Antes de Moraes chegar à presidência, ela será ocupada pelo ministro Luiz Edson Fachin, que destacou a atenção permanente da Justiça Eleitoral com a exploração indevida e ilícita das chamadas brechas normativas e do uso abusivo de realidades tecnológicas contra as regras democráticas.

Se é verdade que os avanços tecnológicos e as estratégias de campanha estão sempre à frente do texto normativo, a função do TSE é justamente construir marcos jurisprudenciais e, a partir deles, delimitar as possibilidades de atuação e limitar os atos ilícitos, afirmou.

"A atenção e a realidade social instauradas a partir de 2018 permitiu que essa Justiça Eleitoral se organizasse e se preparasse para o enfrentamento célere e eficaz do desafio eleitoral que se anuncia, seja no campo da propaganda ou do uso da internet por todas as suas plataformas", disse o ministro Fachin.

Nelson Jr./SCO/STF
Ministro Barroso destacou que redes sociais devem ser "chamadas ao senso" para não se tornarem palco de ameaças eleitorais
Nelson Jr./SCO/STF

Decisão para o futuro
Em complemento, o atual presidente da Corte, ministro Luís Roberto Barroso, apontou que a decisão no caso Bolsonaro-Mourão não é para o passado, mas para o futuro.

"Estamos procurando demarcar os contornos que vão pautar a democracia brasileira e as eleições do próximo ano dentro de um quadro em que as pessoas coloquem suas ideias na mesa e não da desqualificação do voto com mentiras e teorias conspiratórias", afirmou.

Para Barroso, o caso trata de novos meios de cometer velhos ilícitos.

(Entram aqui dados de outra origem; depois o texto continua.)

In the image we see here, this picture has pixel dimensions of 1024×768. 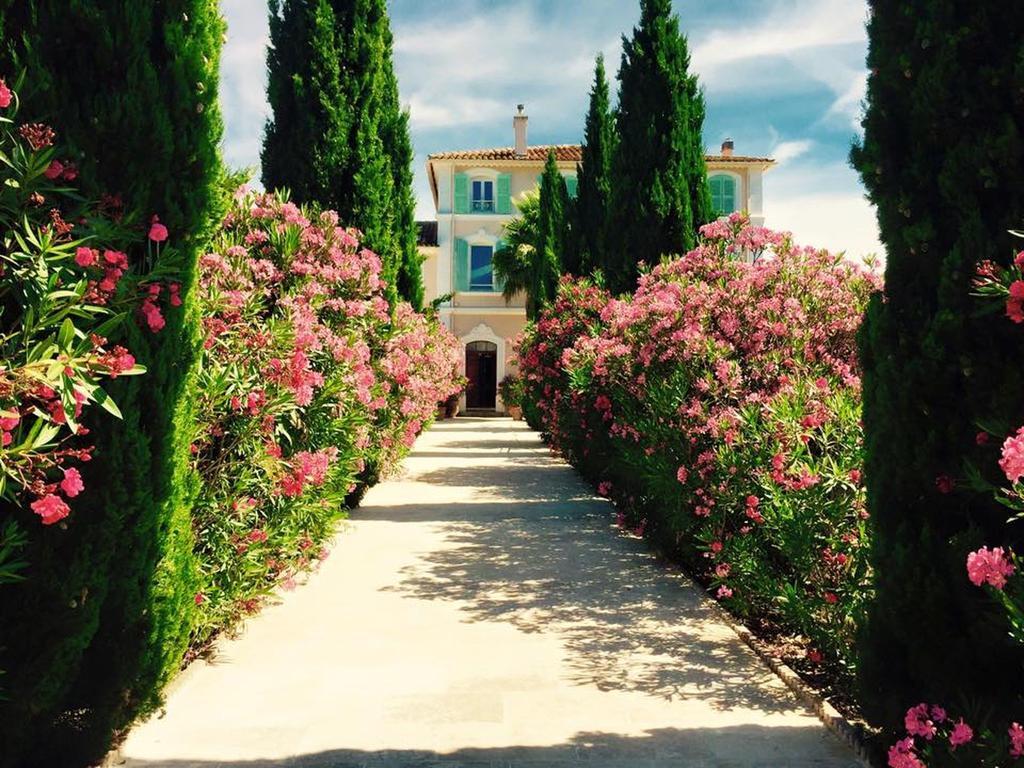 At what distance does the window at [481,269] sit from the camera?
34688 mm

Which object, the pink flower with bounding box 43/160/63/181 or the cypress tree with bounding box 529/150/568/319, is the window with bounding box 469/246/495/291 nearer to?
the cypress tree with bounding box 529/150/568/319

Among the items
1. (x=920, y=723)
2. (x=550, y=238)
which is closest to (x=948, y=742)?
(x=920, y=723)

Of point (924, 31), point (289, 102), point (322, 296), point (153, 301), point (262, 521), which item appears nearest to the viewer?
point (924, 31)

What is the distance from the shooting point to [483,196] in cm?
3466

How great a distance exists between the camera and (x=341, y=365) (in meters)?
6.95

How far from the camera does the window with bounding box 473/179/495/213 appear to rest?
34562 millimetres

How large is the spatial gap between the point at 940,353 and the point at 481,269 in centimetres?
3217

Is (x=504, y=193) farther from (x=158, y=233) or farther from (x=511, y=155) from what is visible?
(x=158, y=233)

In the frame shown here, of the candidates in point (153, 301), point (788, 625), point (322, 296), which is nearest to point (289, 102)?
point (322, 296)

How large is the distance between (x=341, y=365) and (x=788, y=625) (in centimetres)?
401

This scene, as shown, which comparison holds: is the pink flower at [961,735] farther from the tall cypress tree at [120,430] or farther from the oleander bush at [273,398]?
the oleander bush at [273,398]

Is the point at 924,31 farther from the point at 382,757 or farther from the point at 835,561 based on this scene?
the point at 382,757

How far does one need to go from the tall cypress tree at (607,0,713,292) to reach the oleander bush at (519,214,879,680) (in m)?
2.34

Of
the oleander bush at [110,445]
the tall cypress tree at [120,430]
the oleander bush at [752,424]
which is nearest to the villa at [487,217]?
the oleander bush at [752,424] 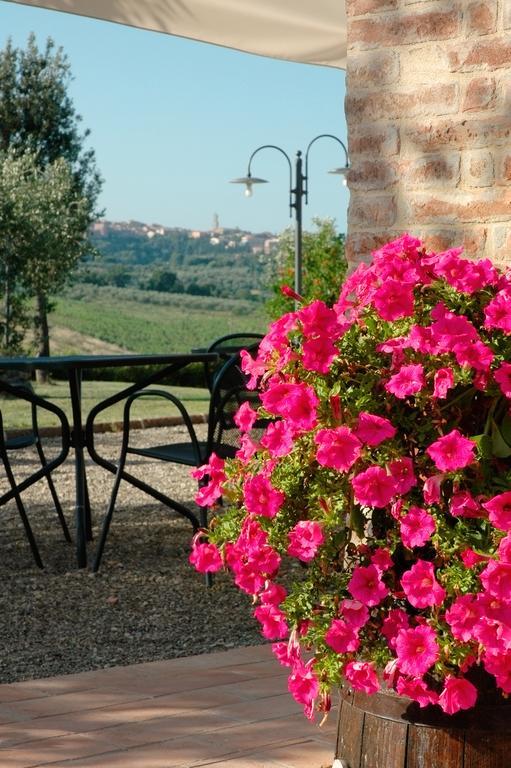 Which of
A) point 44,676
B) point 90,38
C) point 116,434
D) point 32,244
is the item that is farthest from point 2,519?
point 90,38

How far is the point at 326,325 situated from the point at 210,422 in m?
2.39

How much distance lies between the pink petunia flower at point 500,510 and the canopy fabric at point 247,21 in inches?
126

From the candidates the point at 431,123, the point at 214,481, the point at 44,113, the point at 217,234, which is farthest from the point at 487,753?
the point at 217,234

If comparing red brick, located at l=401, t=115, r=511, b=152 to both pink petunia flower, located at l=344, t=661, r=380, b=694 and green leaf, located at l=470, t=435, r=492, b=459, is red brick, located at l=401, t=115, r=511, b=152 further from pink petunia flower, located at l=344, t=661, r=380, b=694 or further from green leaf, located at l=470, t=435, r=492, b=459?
pink petunia flower, located at l=344, t=661, r=380, b=694

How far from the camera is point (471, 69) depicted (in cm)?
254

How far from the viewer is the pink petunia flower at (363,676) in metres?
1.81

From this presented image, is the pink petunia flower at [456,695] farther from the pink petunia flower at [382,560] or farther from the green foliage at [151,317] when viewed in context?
the green foliage at [151,317]

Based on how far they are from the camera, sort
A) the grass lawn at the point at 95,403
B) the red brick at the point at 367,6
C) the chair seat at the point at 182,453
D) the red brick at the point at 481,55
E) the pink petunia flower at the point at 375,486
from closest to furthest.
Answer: the pink petunia flower at the point at 375,486 < the red brick at the point at 481,55 < the red brick at the point at 367,6 < the chair seat at the point at 182,453 < the grass lawn at the point at 95,403

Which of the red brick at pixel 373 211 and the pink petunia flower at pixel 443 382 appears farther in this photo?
the red brick at pixel 373 211

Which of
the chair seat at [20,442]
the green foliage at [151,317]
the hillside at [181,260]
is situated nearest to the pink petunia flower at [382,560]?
the chair seat at [20,442]

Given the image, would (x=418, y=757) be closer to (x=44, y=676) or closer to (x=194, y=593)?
(x=44, y=676)

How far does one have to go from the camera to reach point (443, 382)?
1.76 meters

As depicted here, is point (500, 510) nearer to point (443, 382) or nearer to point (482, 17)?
point (443, 382)

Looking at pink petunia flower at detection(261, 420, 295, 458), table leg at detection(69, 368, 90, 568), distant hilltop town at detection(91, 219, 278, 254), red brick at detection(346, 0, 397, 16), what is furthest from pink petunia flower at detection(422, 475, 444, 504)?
distant hilltop town at detection(91, 219, 278, 254) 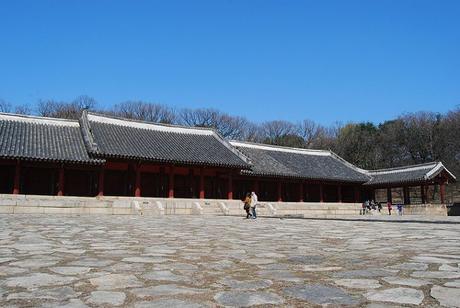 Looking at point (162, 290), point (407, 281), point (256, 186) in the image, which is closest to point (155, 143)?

Se a propaganda eleitoral migrou para os meios virtuais, é preciso acomodar as práticas abusivas surgidas nesse novo paradigma ao texto da LC 64/1990, que já completou 30 anos, de modo a permitir o devido controle da legitimidade dos atos eleitorais.

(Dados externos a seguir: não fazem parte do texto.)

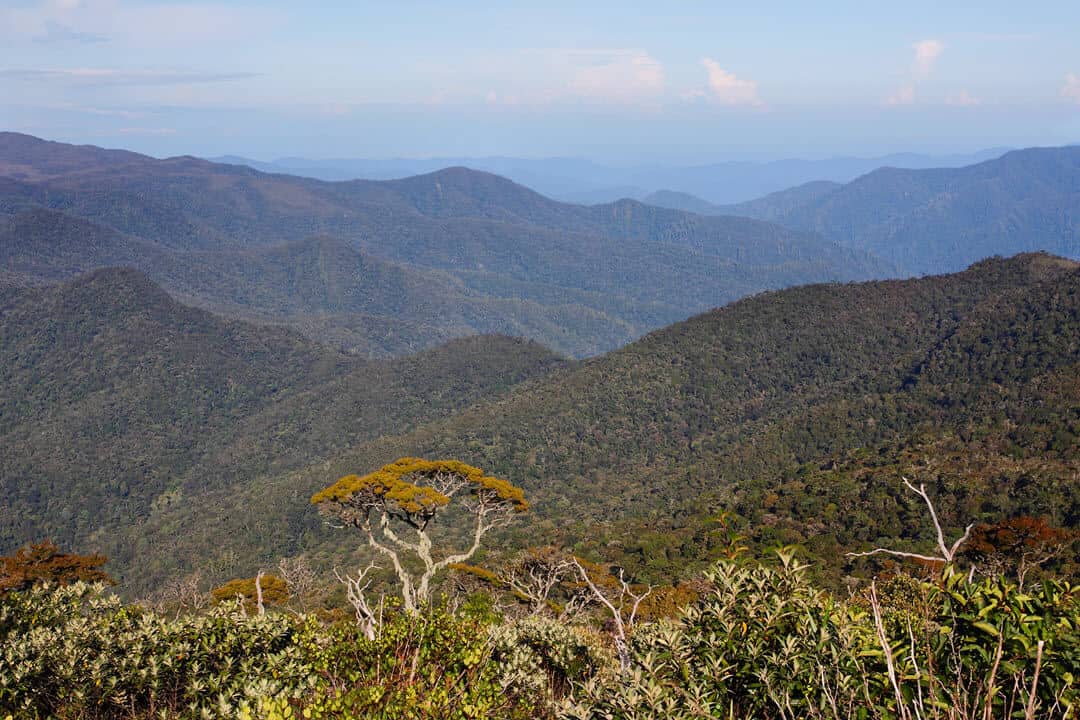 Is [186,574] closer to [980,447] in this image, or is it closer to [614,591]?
[614,591]

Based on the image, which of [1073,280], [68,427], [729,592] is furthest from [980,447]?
[68,427]

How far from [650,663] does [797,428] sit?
65359 mm

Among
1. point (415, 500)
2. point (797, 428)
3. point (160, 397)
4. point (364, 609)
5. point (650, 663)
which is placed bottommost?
point (160, 397)

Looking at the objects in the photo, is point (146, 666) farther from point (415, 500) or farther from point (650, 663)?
point (415, 500)

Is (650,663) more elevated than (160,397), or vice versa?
(650,663)

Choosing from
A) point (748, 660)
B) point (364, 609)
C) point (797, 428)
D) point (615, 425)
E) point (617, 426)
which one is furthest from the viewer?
point (615, 425)

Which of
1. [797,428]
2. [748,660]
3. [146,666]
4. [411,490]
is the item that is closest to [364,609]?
[146,666]

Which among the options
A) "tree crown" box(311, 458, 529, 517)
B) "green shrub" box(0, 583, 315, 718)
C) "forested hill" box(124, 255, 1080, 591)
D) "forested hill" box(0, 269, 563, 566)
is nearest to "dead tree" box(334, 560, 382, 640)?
"green shrub" box(0, 583, 315, 718)

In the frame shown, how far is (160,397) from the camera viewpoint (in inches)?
5438

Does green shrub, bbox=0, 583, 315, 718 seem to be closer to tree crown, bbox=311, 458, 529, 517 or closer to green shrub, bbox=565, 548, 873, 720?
green shrub, bbox=565, 548, 873, 720

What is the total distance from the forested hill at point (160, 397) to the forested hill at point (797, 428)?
18.0 metres

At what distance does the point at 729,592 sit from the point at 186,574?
73.6m

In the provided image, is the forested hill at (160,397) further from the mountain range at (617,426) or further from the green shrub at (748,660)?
the green shrub at (748,660)

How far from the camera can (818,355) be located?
88.6m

"É preciso chamar as mídias sociais ao senso, para que o ganho financeiro não permita sua autodestruição moral e a destruição da democracia. As mídias sociais podem se transformar em um grande espaço público que permita a participação no processo democrático. Não podem se transformar num coliseu romano de barbaridades", afirmou.

"Precisamos de legislação, de atuação judicial e de atuação voluntária das próprias mídias sociais, para que sejam um espaço construtivo de ideias, não um espaço destrutivo", complementou o presidente do TSE.